CalPERS is considering changing its proxy voting policies to account for issues of director tenure. New language in its governance principles could state that director independence may be “compromised” at 10 years of service. If implicated, companies are expected to “carry out rigorous evaluations to either classify the director as non-independent or provide detailed annual explanation why the director can continue to be classified as independent.” In addition, boards should fully evaluate their succession planning process surrounding director refreshment to maintain the necessary mix of skills, diversity and experience.
CalPERS’ presentation has several interesting data points around the topic of tenure. Over the last 10 years, the percentage of boards in the S&P 500 with a mandatory retirement age of 70 has decreased from 51% to 11%, while those with retirement ages of 75 has increased from 3% to 24%. The average director age is 68.
7% (347 directors) in the S&P 500 have terms of more than 20 years, 22% (1,225 directors) have sat on their boards for more than 12 years and 35% of directors (1,931 directors) have tenures that exceed 9 years. In the international arena, the UK Corporate Governance Code (London Rule) suggests tenure beyond 9 years poses independence problems, the European Commission recommends limiting director tenure to 12 years and Hong-Kong has a 9 year maximum tenure unless shareholders separately vote for re-appointment.

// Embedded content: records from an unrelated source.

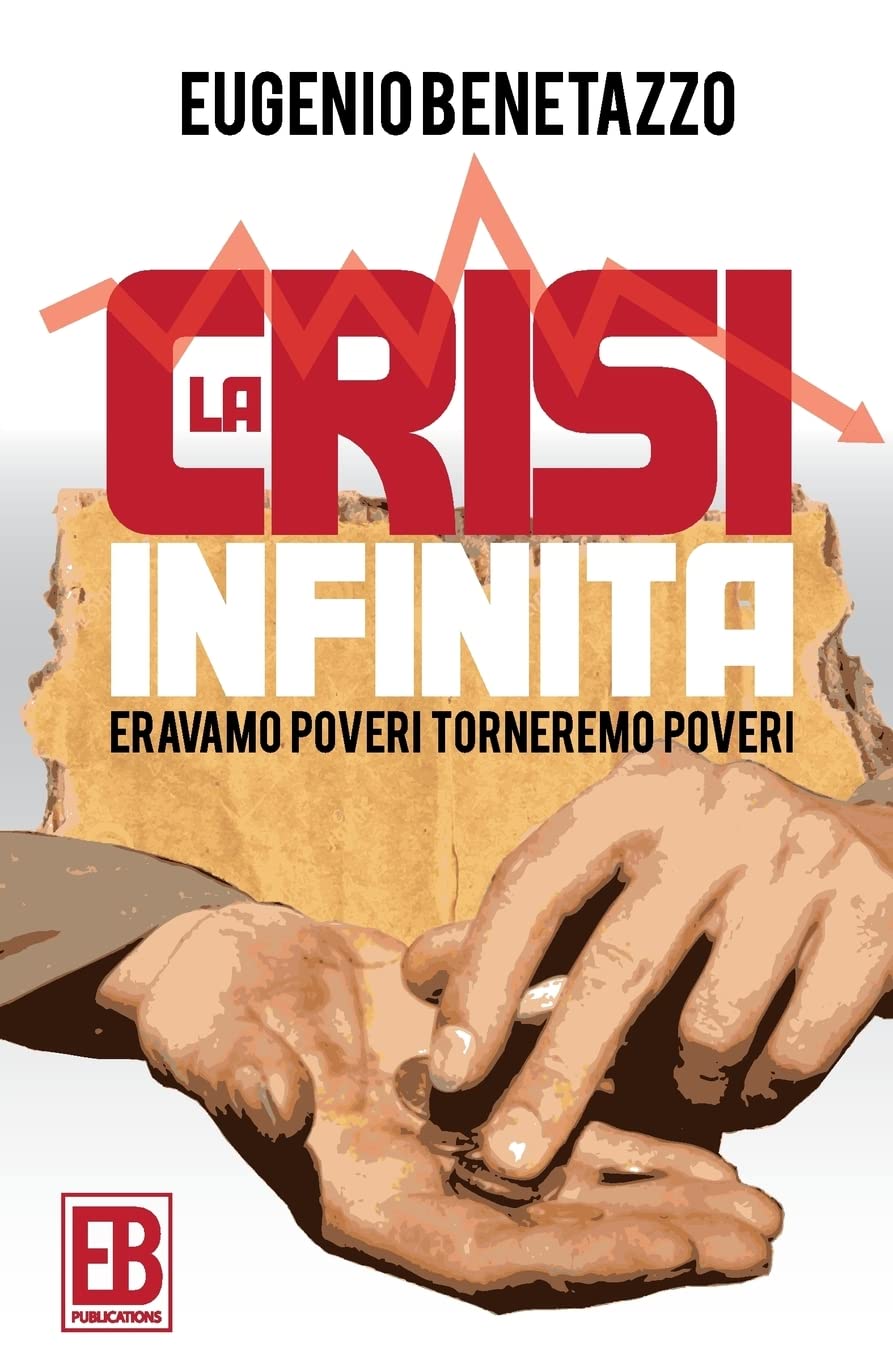 La crisi infinita: Eravamo poveri, torneremo poveri Business, Finance & Career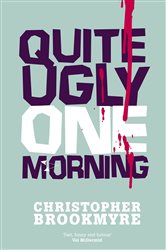 Book cover: Quite Ugly One Morning (Book 1 of Jack Parlabane) by Christopher Brookmyre (preview)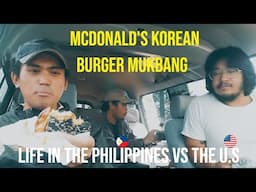 MCDONALD'S KOREAN BURGER MUKBANG: Life In The Philippines VS The US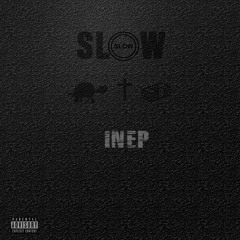 INEP - SLOW (Prod. by EL Neva Beats)
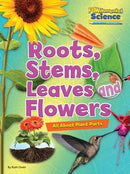 Roots, Stems, Leaves and Flowers : All About Plant Parts-9781910549766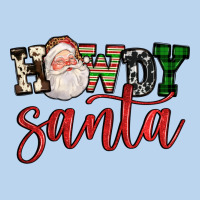 Howdy Santa Classic Tee | Teevron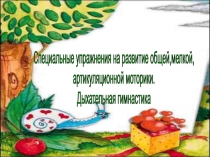 Специальные упражнения на развитие общей,мелкой, артикуляционной моторики. Дыхательная гимнастика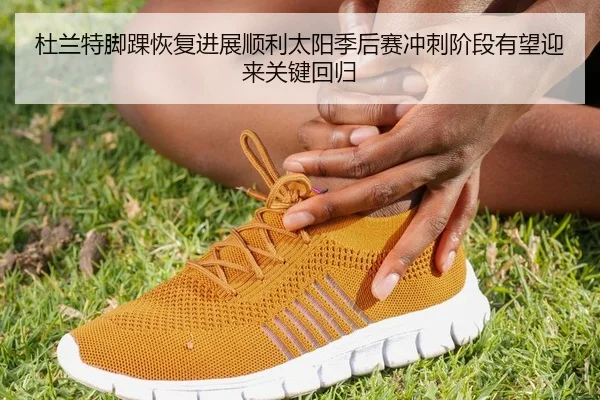杜兰特脚踝恢复进展顺利太阳季后赛冲刺阶段有望迎来关键回归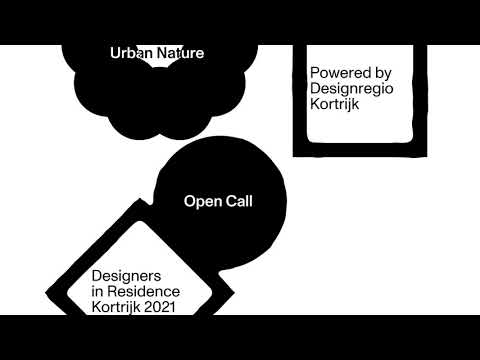 OPEN CALL - Designers in Residence Kortrijk 2021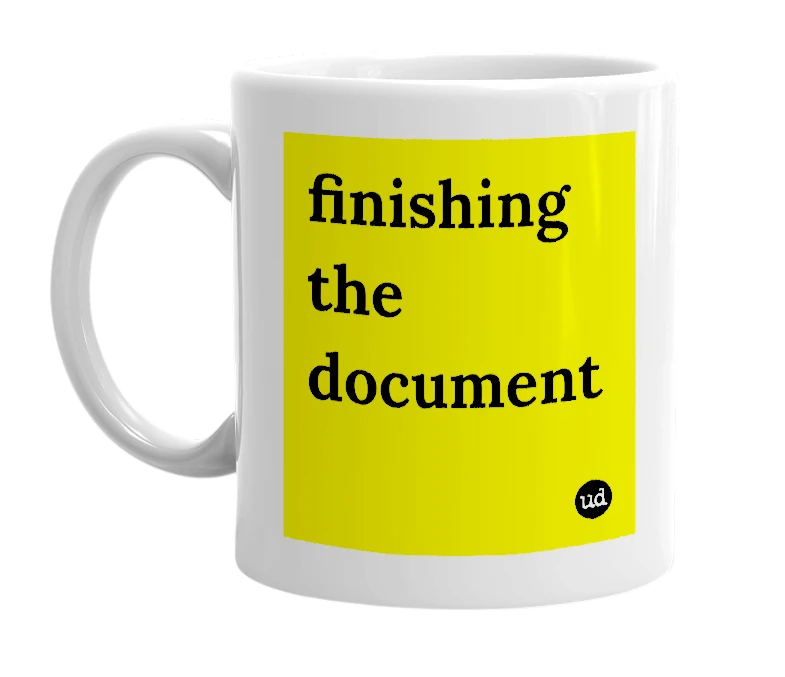 White mug with 'finishing the document' in bold black letters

The presentation explains that the benefits of shorter tenure include (a) strengthening independence, (b) promoting competency if longer-tenured directors do not keep up with current developments, and (c) bringing fresh perspectives. In addition, term limits could increase board refreshment and promote diversity as well as replicate other international markets.
However, CalPERS recognizes the risks that term limits are arbitrary and could keep valuable directors from service, as well as restrict the pool of capable candidates. New directors also require substantial time to gain company knowledge. The optimal director tenure can vary by industry, and longer tenured directors could enhance their boards’ oversight due to their experience. Companies could also end up using term limits to avoid rigorous board evaluations.